I shrug the question off and ask what to do next. She sends me to another doctor, and that one does more squeezing and pulling and squinting at x-rays then puts my hand in a splint with orders to keep it immobilized for two weeks (except for typing, right? I didn't ask, but that’s OK, right?) and here we are.

I can’t yet give you the list of all the books my students are assigning me for this 150+ book project, but I did already finish one: Angels in the ER by Robert D. Lesslie, MD.

 I’m not sure that I haven’t read this book before, the stories seem familiar, or maybe it’s the format of meditative vignettes that feels like a deeper “Chicken Soup for the Soul.” 

Before I started the book I marched it into Zoe’s room and waved it in front of her, trying to distract her from three pages of algebra sprawled across her lap and bed, highlighted green yellow pink and orange with evidence of her concentration.

Looky! An ER book!

She pulled a headphone out, nodded at me and said; “Thanks, leave it right there” pointed at the foot of her bed and went back to solving polynomials and their friends. 

I hug it to myself and leave the room. She follows me and spots a book called Uglies, which I’m pretty sure she finished before lunchtime the next day.

I read Angels in the ER over the course of a morning and afternoon, although I could have finished it faster. It’s the kind of book that keeps good company, speaking in sentences, pages, chapters or hours, whichever you need.  

Written by a physician who is also a talented storyteller and devout Christian, each of these stories take the reader to the edges of the human experience – grief, mercy, patience, violence, faith, addiction, deceit – then brings them back, concluding each lesson with the spiritual fruits that come from walking with each other through our darkest days.

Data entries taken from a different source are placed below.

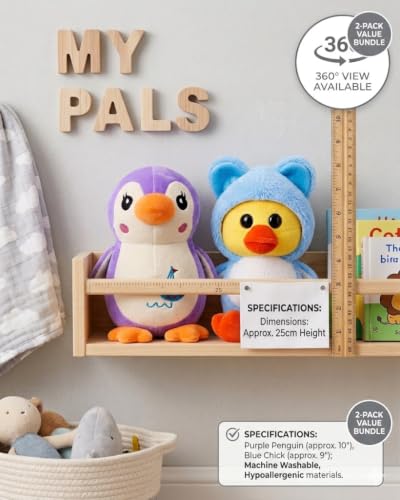 Image of Cute Penguin & Duck Combo Soft Toys for Kids | Super Soft Plush Stuffed Animal Set | Cute Cuddly Teddy Toys for Boys & Girls | Huggable Gift for Birthday, Baby Shower & Return Gifts 25CM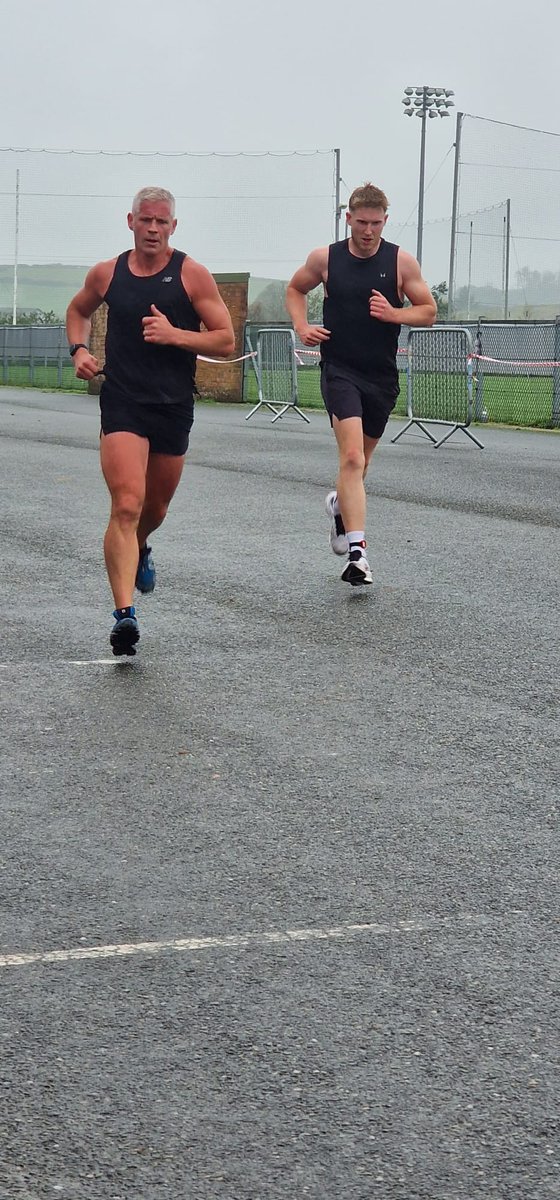 Glenbeg / Glenburrisk and neighbours Duo, competing on home soil in Galbally's first Hyrox.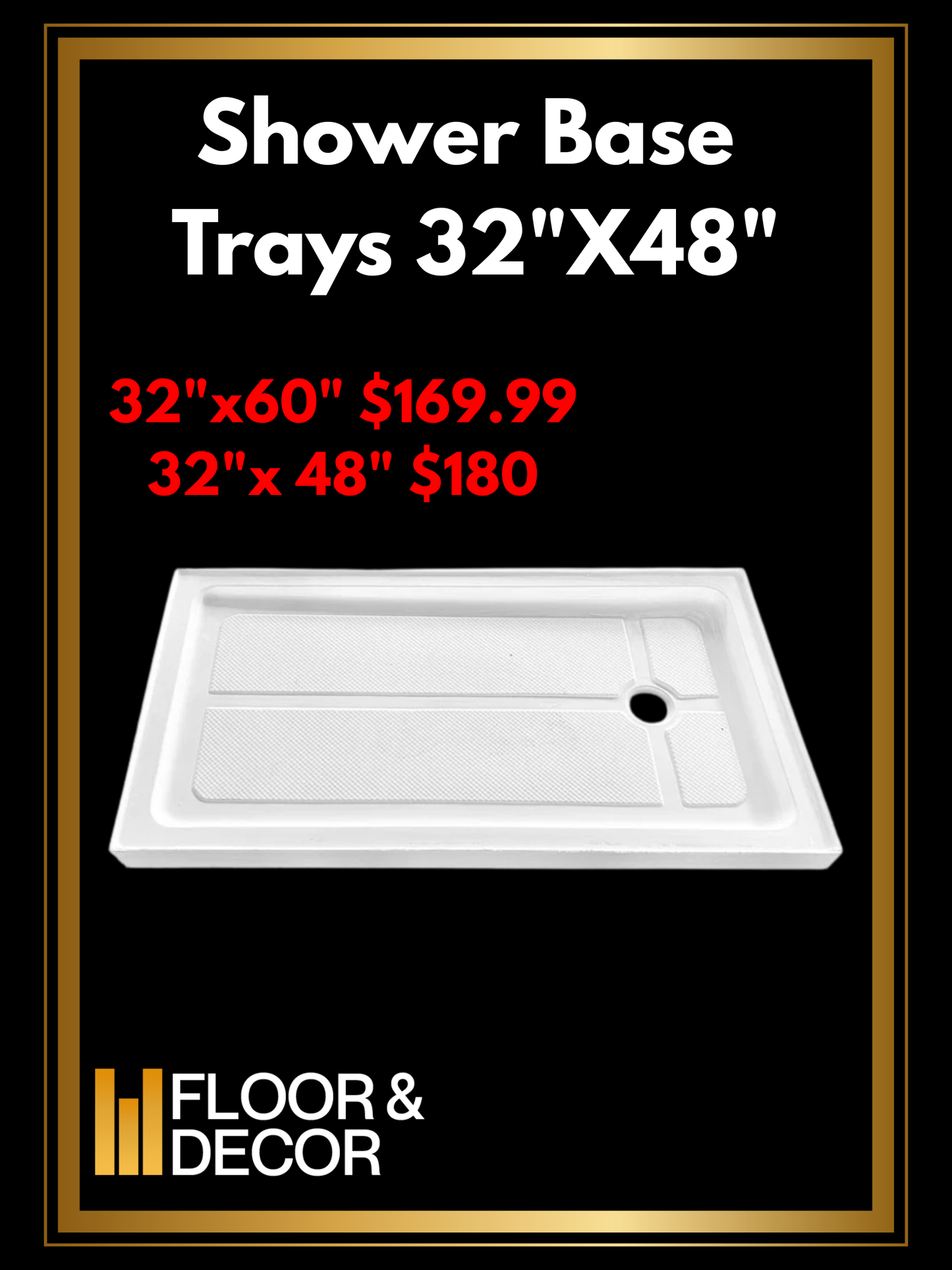 Shower Base Trays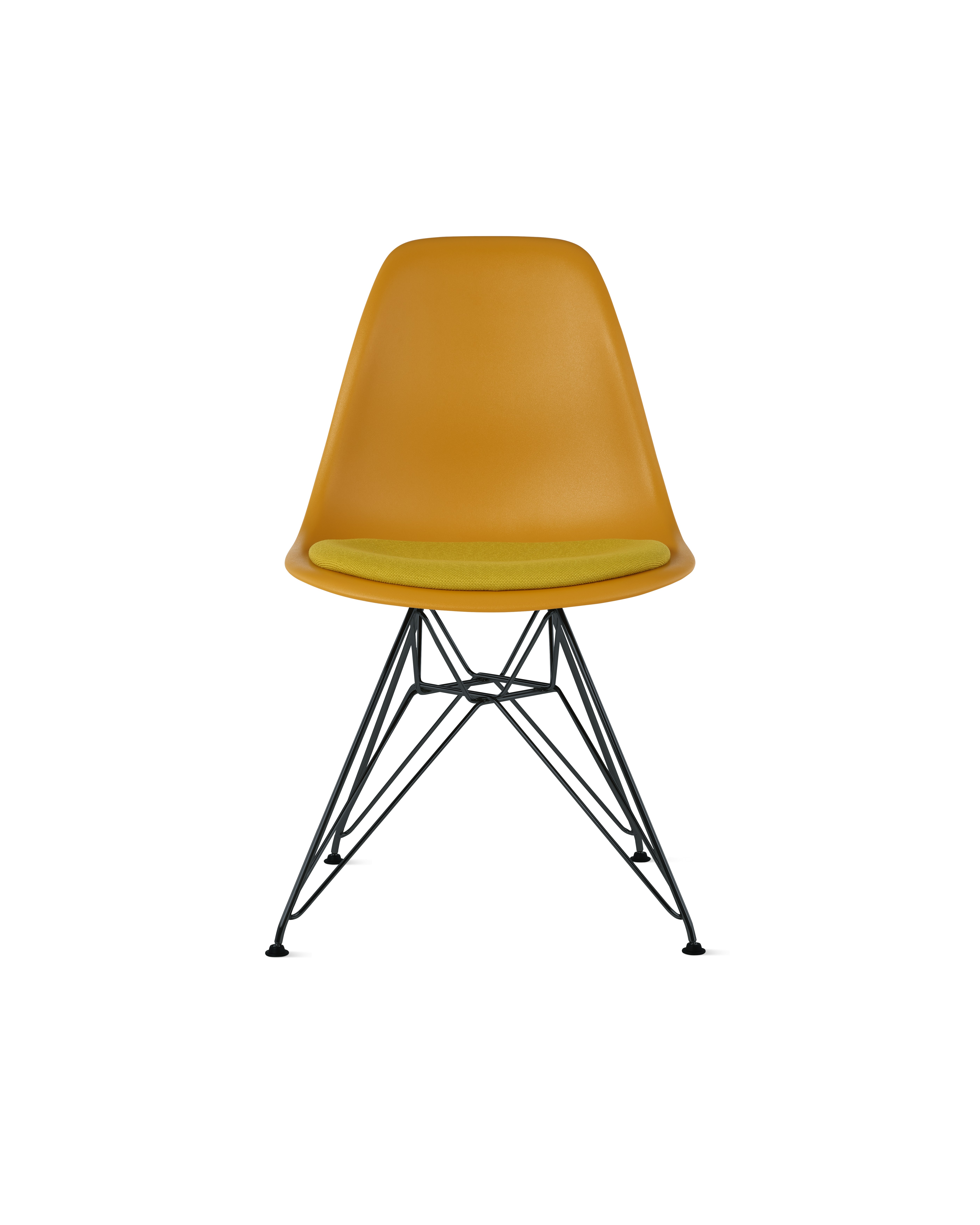 Eames Molded Plastic Side Chair with Seat Pad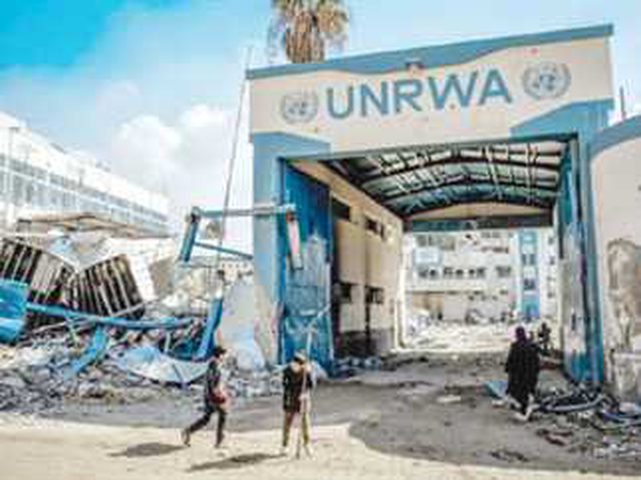 الأونروا: الاحتلال قصف 8 مدارس بغزة في الـ10 أيام الماضية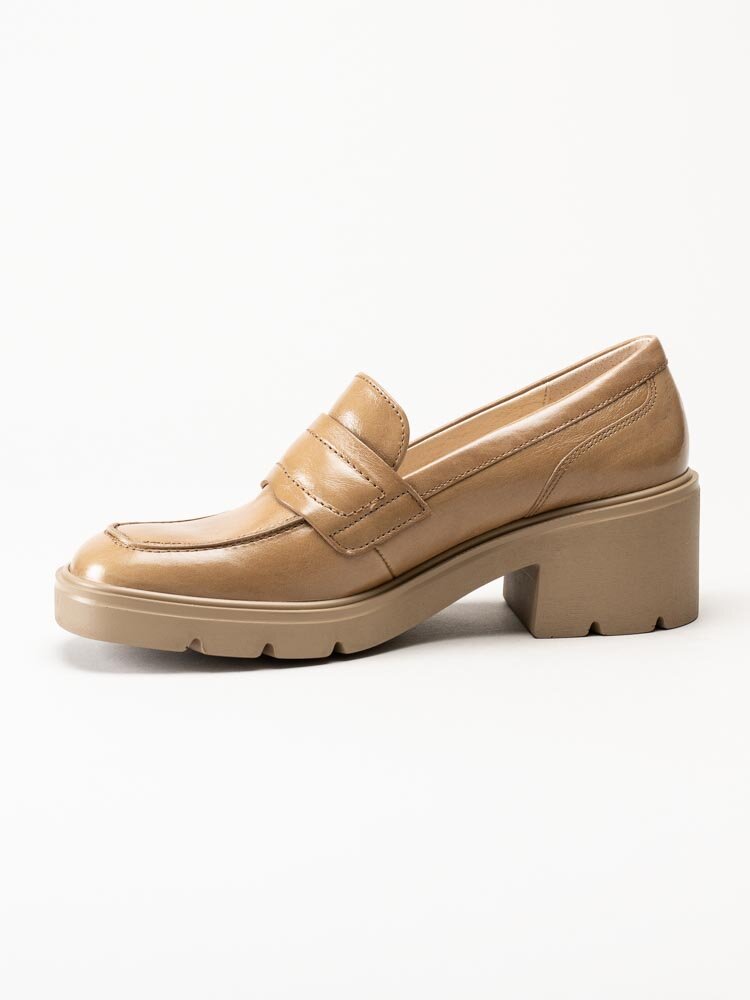 Gabor - Beige loafers med klossklack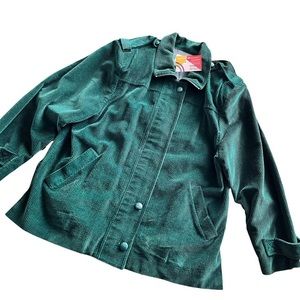 Vintage Forrest green corduroy jacket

I really enjoyed this book (although I did find out it takes two hands to hold a diet coke and a book at the same time, which is one more hand than I have), because the author is a man who didn’t take a singular path in life: he could’ve decided to call himself a “doctor” and let that direct his identity. Instead, he chose the harder path of  finding all of his talents and using them to light the path for others. Wonderful indeed.

After typing this up for you but before reading the final proof, and putting the splint back on my hand (you saw nothing, got that?) I reach into my bag of books pick book #66, a slim white covered book with the head-scratching confusing title, “Nice Girls Finish Last.” I’m a nice girl (I think) and have no idea what that title means or this book could be about, so I decide to read it before the FSU game tonight.